*** Opening Dataset entries ***
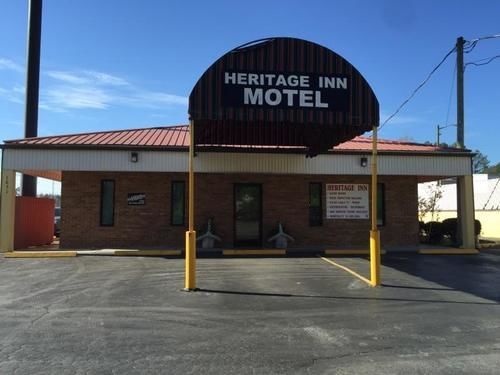 Heritage Inn クリーブランド エクステリア 写真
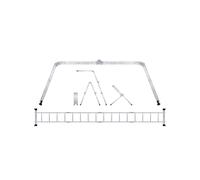 Werku scala multiuso 472 cm alluminio pieghevole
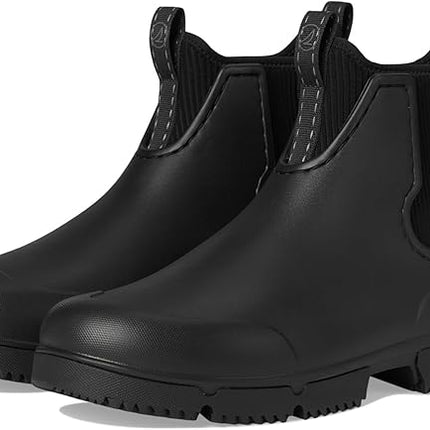 Sperry Float Rain Boots for Men, Black, Waterproof, Size 9 - New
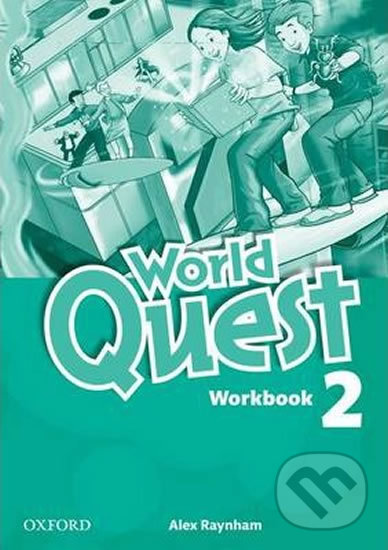 Levně World Quest 2: Workbook - Alex Raynham - kniha z kategorie 2. stupeň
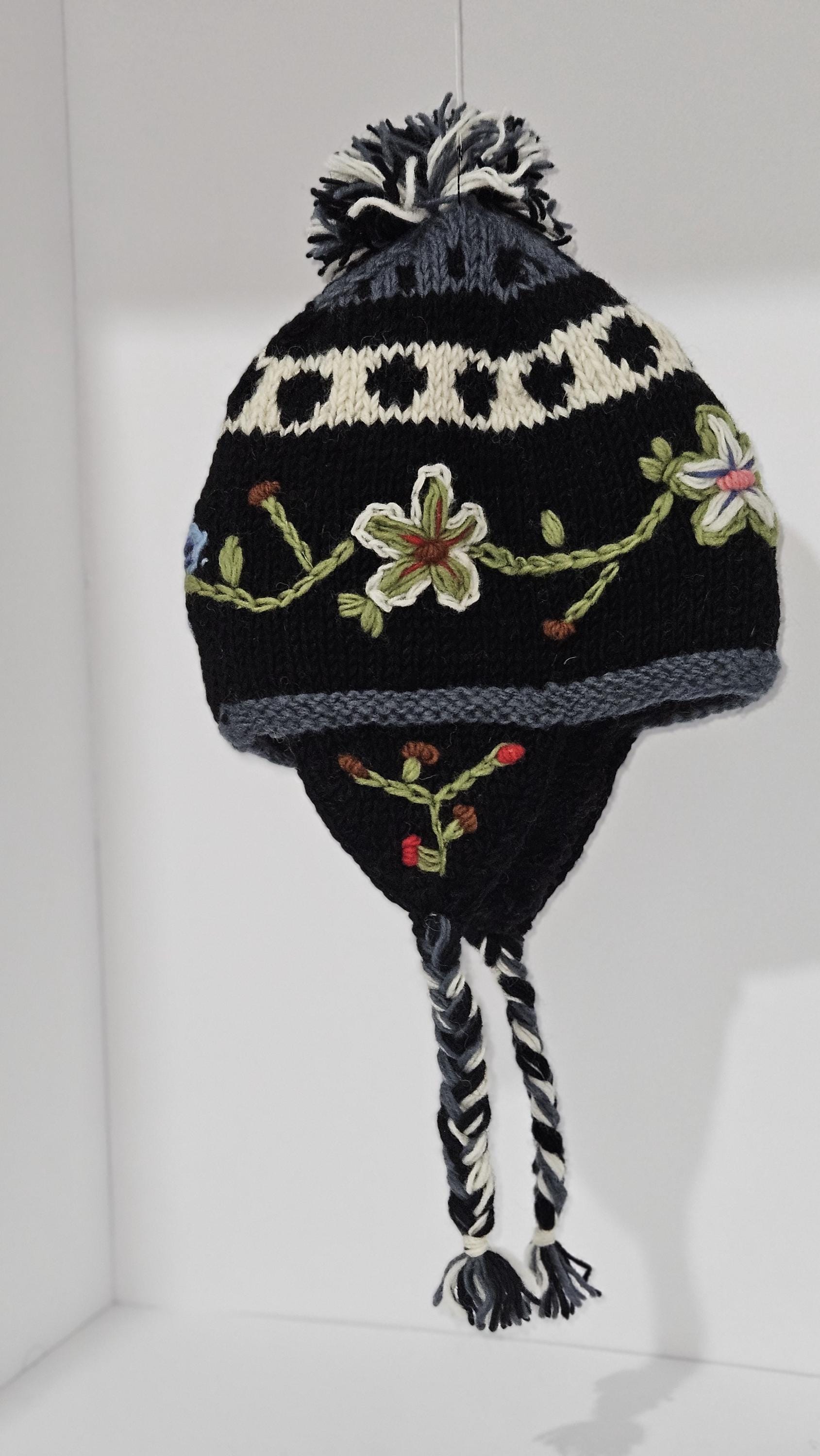 Wool Ear Flap Hat - Etsy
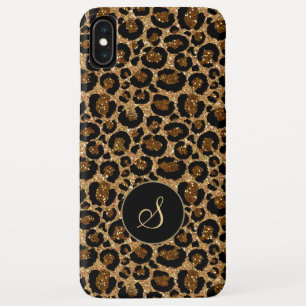 Capa Para iPhone Da Case-Mate Impressão de leopardo com brilhos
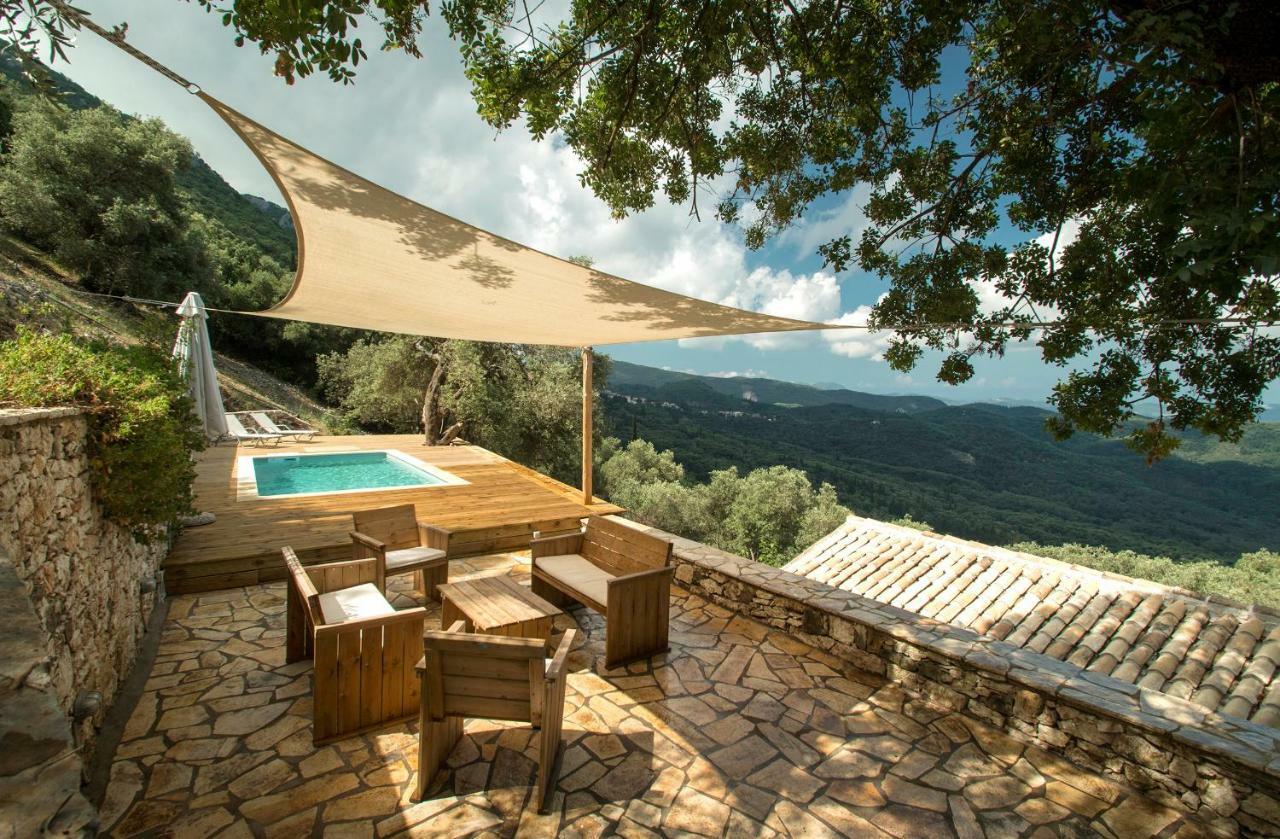 Castelli Olive Press Konuk evi Acharavi  Dış mekan fotoğraf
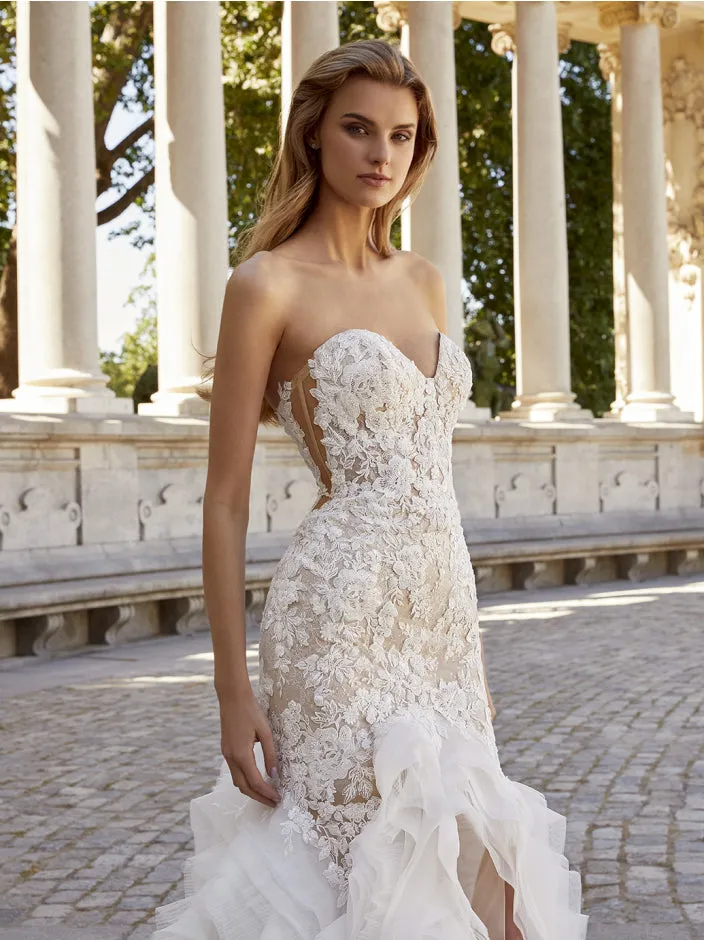 Miraculous White Wedding Dress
*** Closing Dataset entries ***
How to complete this task. Omit the pictures. Write out exactly the lines from the one containing "Sperry Float Rain" through the last line of the entries, both of them included.

Response to this task.
 Sperry Float Rain Boots for Men, Black, Waterproof, Size 9 - New
 Levně World Quest 2: Workbook - Alex Raynham - kniha z kategorie 2. stupeň
 Wool Ear Flap Hat - Etsy
 Capa Para iPhone Da Case-Mate Impressão de leopardo com brilhos
 Castelli Olive Press Konuk evi Acharavi  Dış mekan fotoğraf
 Miraculous White Wedding Dress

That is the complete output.